Although the entries contain pictures, only their words should be duplicated exactly.

| Dataset |
=======
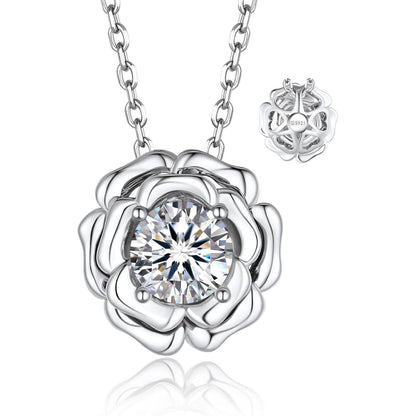 Halskette Herz Moissanite 1 Karat Silber 925 Rosegold Geschenk für Frauen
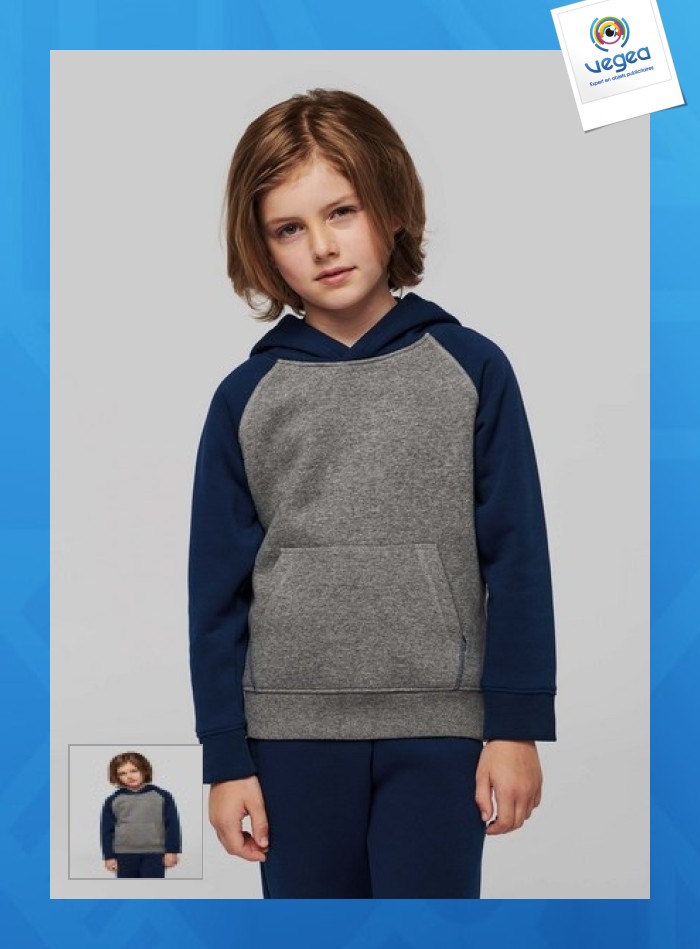 Sudadera con capucha bicolor para niños - proact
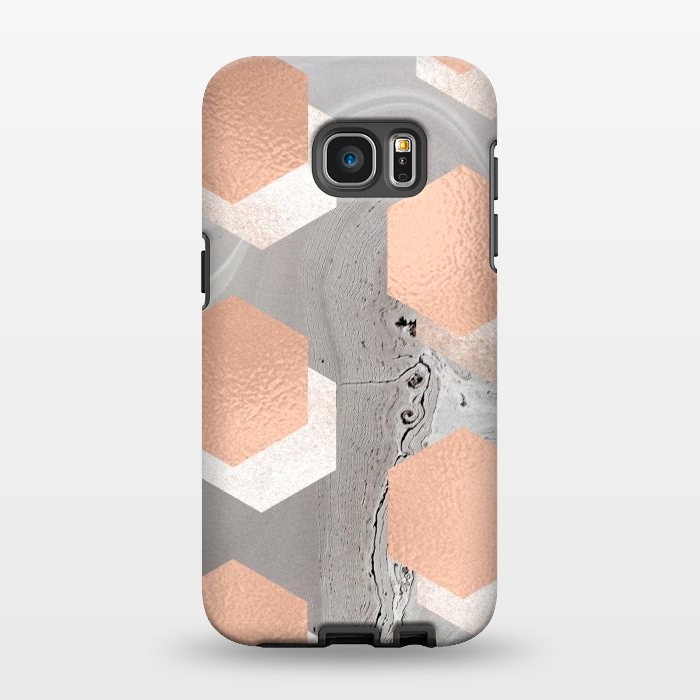 Galaxy S7 EDGE StrongFit rose gold marble by haroulita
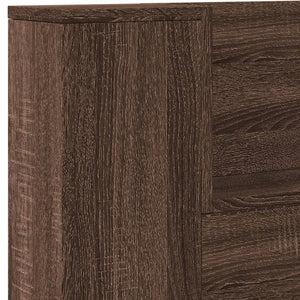 Testiera con Contenitore a LED-Testiera con Ripiani Rovere Marrone 220x16,5x103,5 cm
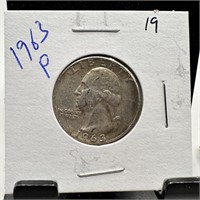 1963 WASHINGTON SILVER QUARTER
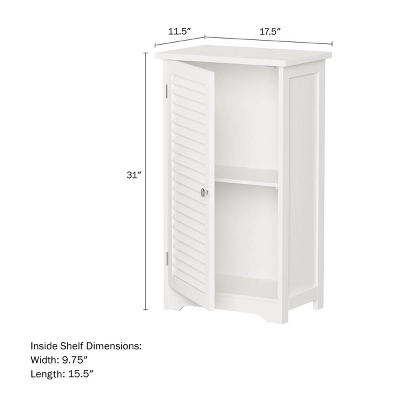 Hastings Home Freestanding Bathroom Linen Cabinet With Shutter Door – 17.5" X 31", White 1 Hastings Home Freestanding Bathroom Linen Cabinet With Shutter Door – 17.5" X 31", White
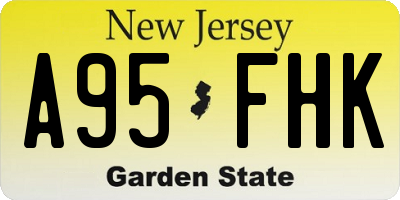 NJ license plate A95FHK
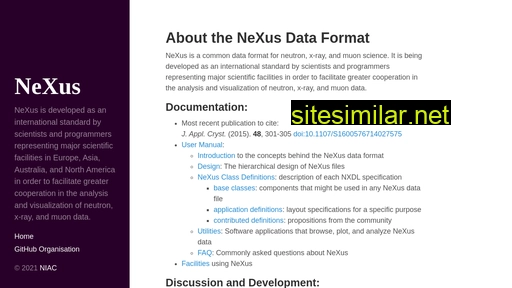 nexusformat.org alternative sites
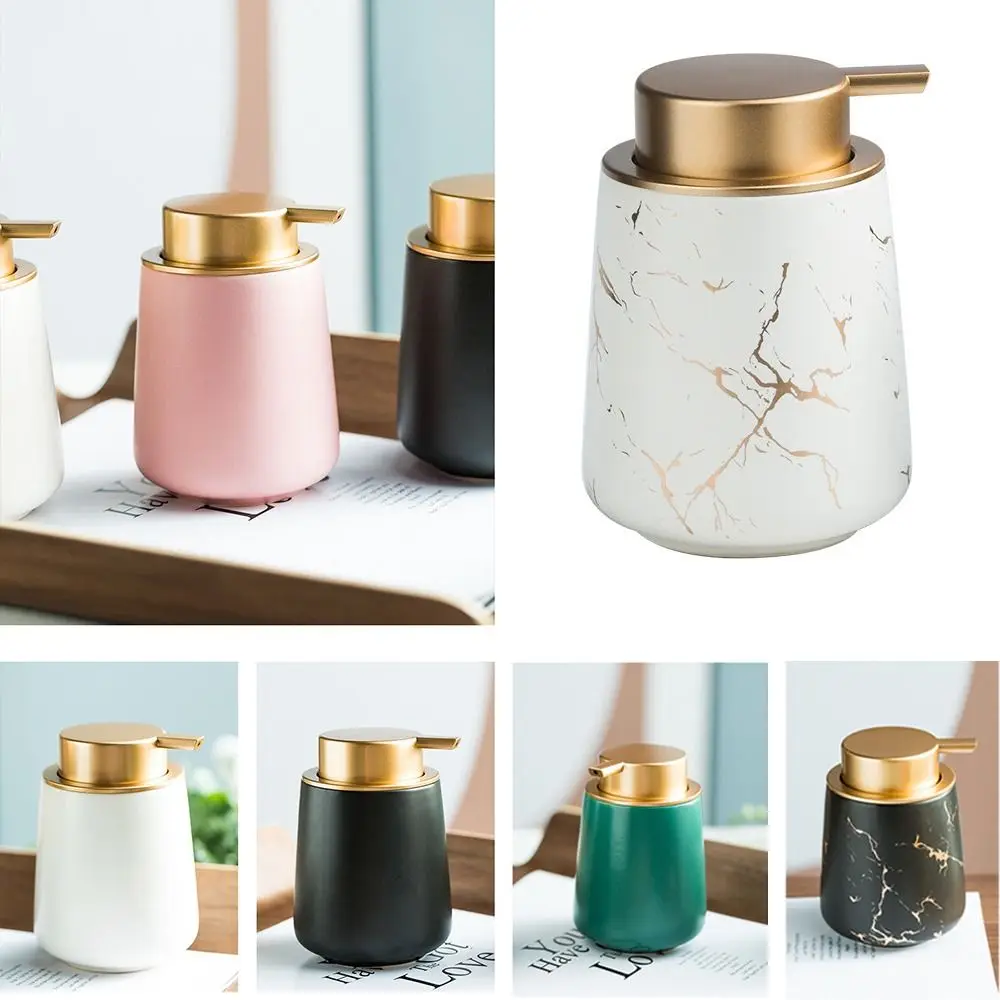 

Ceramic Lotion Soap Bottle Easy To Press Leak-Proof Soap Pump Dispensers Refillable Marble Pattern Cosmetic Container Hotels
=======
| Response |
 Halskette Herz Moissanite 1 Karat Silber 925 Rosegold Geschenk für Frauen
 Sudadera con capucha bicolor para niños - proact
 Galaxy S7 EDGE StrongFit rose gold marble by haroulita
 Testiera con Contenitore a LED-Testiera con Ripiani Rovere Marrone 220x16,5x103,5 cm
 1963 WASHINGTON SILVER QUARTER
 Hastings Home Freestanding Bathroom Linen Cabinet With Shutter Door – 17.5" X 31", White 1 Hastings Home Freestanding Bathroom Linen Cabinet With Shutter Door – 17.5" X 31", White
 NJ license plate A95FHK
 nexusformat.org alternative sites

Ceramic Lotion Soap Bottle Easy To Press Leak-Proof Soap Pump Dispensers Refillable Marble Pattern Cosmetic Container Hotels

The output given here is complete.